Io
amo leggere, da sempre, da quando ero bambina. Leggevo i classici
romanzi per ragazzi, da Robinson Crusoe a Piccole Donne, quelle
raccolte di piccole storie accompagnate da disegni che cercavo di
riprodurre con miseri risultati – Ciao, sono Margherita e sono
sempre quella che ha scritto al pupazzo Uan per dire che il mio
problema era quello di non saper disegnare – oppure gli immancabili
Topolino conservati nello sgabello bianco anni '70 del bagno che mi
hanno fatto compagnia nei veri momenti del bisogno. Se poi il fumetto
era stato dimenticato sul comodino in camera, mi arrangiavo con le
etichette dello shampoo o dell'ammorbidente sopra la lavatrice. Per
chi è di Torino, vi consiglio il bagnoschiuma Trisol di Colenghi in
Piazza Solferino: un bottiglione da un litro, una confezione marrone
piuttosto bruttina, ma tanto da leggere sul retro. Una garanzia.
Ho
avuto il periodo di fissazione dei grandi classici – commedie di
Shakespeare, il Piacere di D'Annunzio (scusate, ma lo devo dire: che
due cojoni!), il Fu Mattia Pascal... – poi nell'adolescenza sono
passata ai romanzi rosa di bassa lega, la cui trama era più o meno
la stessa: lei ama lui, lui ama lei, lui parte per la guerra, lei si
consola facendosi pastrugnare da un altro ma pensa a lui, lui torna
dal fronte dopo vent'anni – 'ste guerre sono sempre lunghissime -
tendenzialmente senza una gamba, e si ritrova lei con i capelli
bianchi e un figlio di cui non sapeva l'esistenza. Bacio. Happy end.

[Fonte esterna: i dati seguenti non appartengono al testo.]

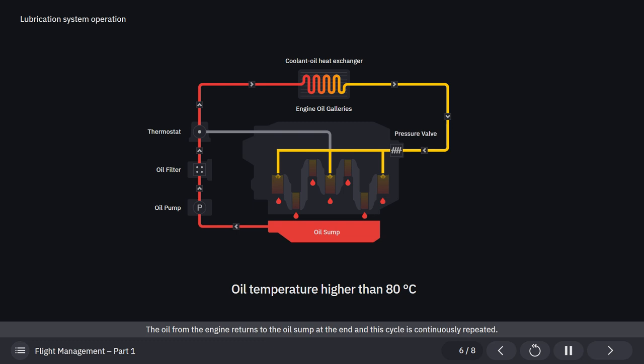The oil from the engine returns to the oil sump at the end, and this cycle is continuously repeated.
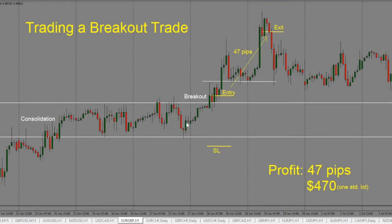Now that price has shown us that it wants to move higher, we are taking a long entry — this is a bullish breakout. Our stop goes on the other side of the consolidation, because sometimes price can just come back into the consolidation once again. So we want to make sure we don't get taken out for that, and we will put our stop on the other side of the consolidation.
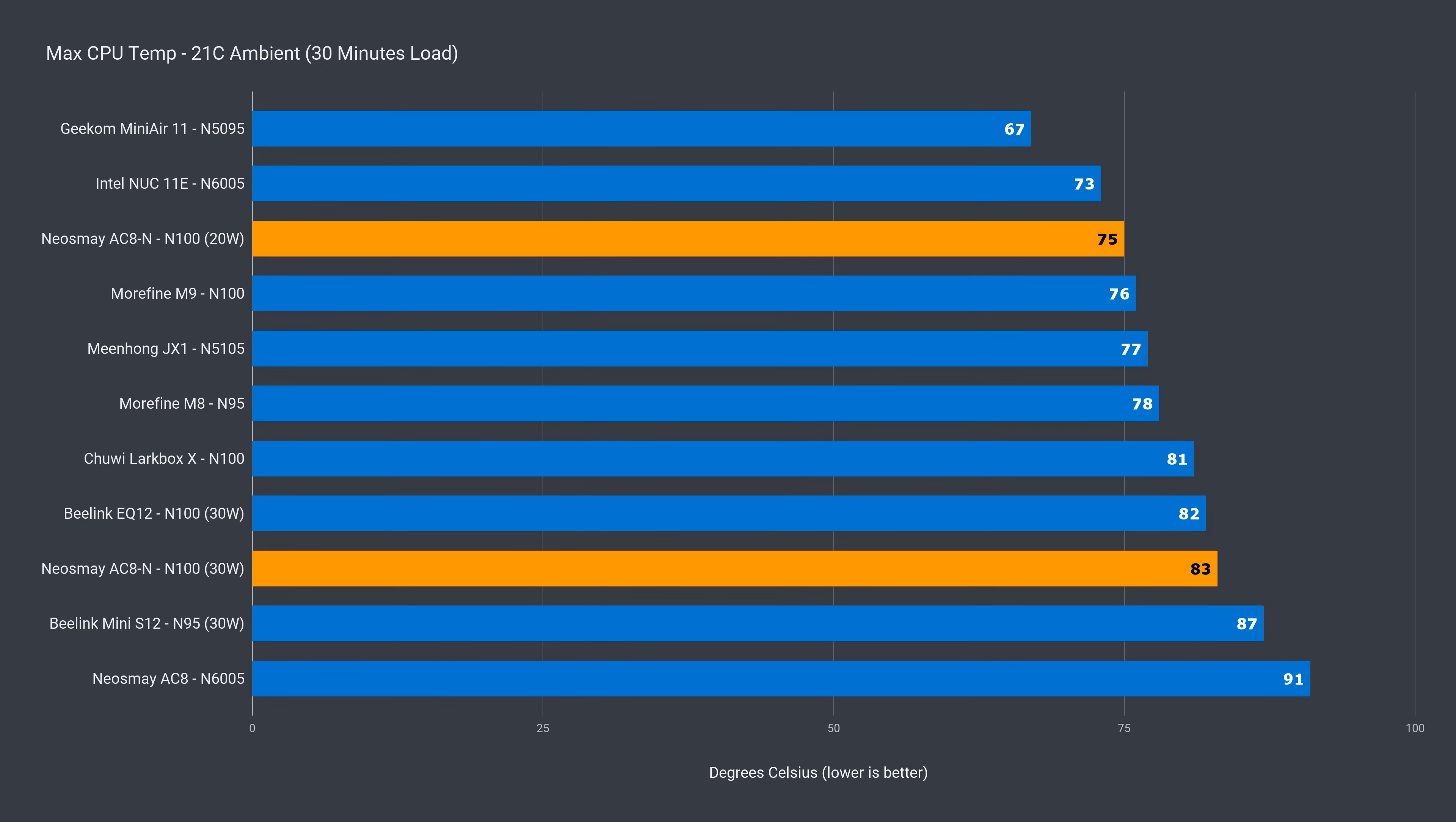I didn't expect to see 75C as the max temp out of the box, but CPU speed does take a nose dive. Still, upping the power limit keeps the CPU below 90C, which is unlike the previous gen.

Son cose belle, viva la cultura.
In
seguito ho avuto il periodo politico, in cui leggevo libri che
pesavano quanto un macigno – sia per il volume, sia per il
contenuto – e facevo tanta tenerezza al Maritino, quello stesso
sentimento di delicato affetto che si ha verso un bambino quando fa
vedere orgoglioso il suo disegno della mamma che è rappresentata
come uno sgorbio senza busto e culo, con le braccia che escono dalle
orecchie, ma gli si dice che è un Picasso in erba. Come dire: non
capisci una beneamata, ma apprezzo lo sforzo.
Ora
spazio parecchio nelle mie scelte, ma se c'è una cosa che mi piace è
leggere a voce alta al Maritino, un modo per condividere con lui una
cosa che mi ha colpito o che mi è piaciuta particolarmente. Che se
lo facesse lui con me, alla seconda riga starei già pensando ad
altro.
L'altro
giorno mi sono addormentata leggendo dei vecchi post che mi ero persa
di un blog che seguo con entusiasmo: ti asmo. Già il titolo è una
genialiata. L'autrice è Enrica Tesio, una ragazza di Torino che non
conosco, ma con cui abbiamo tanti amici in comune: trentaquattrenne
con due figli piccoli e un compagno che l'ha lasciata, ma che le ha
dato la voglia di scrivere. Lei spiega “la verità sull'amore, che
prima o poi arriva. E ti incula.” Con la sua penna fatta di tasti è
capace di far commuovere, di far riflettere, ma sopratutto di far
ridere e ieri sera, leggendo al Maritino a voce alta uno dei suoi
post, siamo finiti a ridere fino alle lacrime. Il post in questione
era questo, poi ditemi voi se non fa scassare. Enrica scrive così
bene da farmi invidia, scrive così bene da riuscire a lasciarti
qualcosa con la sua profondità di donna ferita, ma anche se parla di
frivolezze.
Me
la immagino sempre trafelata tra lavoro e bimbi da gestire, e così
oggi ho pensato ad una ricetta molto veloce, ma che non manca di
gusto, perfetta per un aperitivo. I vol au vent sono belli che fatti
perché comprati, basta scaldarli un po' in forno per renderli più
fragranti, poi si farciscono con una delicata crema di prosciutto e
si finisce con una croccante granella di pistacchi. Sono belli da
vedere e buoni da mangiare, anche sul divano con in mano un libro.